Collected data:
========================================================================

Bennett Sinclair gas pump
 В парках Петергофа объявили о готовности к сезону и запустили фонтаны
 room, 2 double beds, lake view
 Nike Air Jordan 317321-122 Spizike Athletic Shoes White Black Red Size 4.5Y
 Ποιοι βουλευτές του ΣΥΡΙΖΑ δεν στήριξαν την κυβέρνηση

========================================================================

### [What needs to be done]
Could you set down every record exactly as given?

### [Reply]
Bennett Sinclair gas pump
 В парках Петергофа объявили о готовности к сезону и запустили фонтаны
 room, 2 double beds, lake view
 Nike Air Jordan 317321-122 Spizike Athletic Shoes White Black Red Size 4.5Y
 Ποιοι βουλευτές του ΣΥΡΙΖΑ δεν στήριξαν την κυβέρνηση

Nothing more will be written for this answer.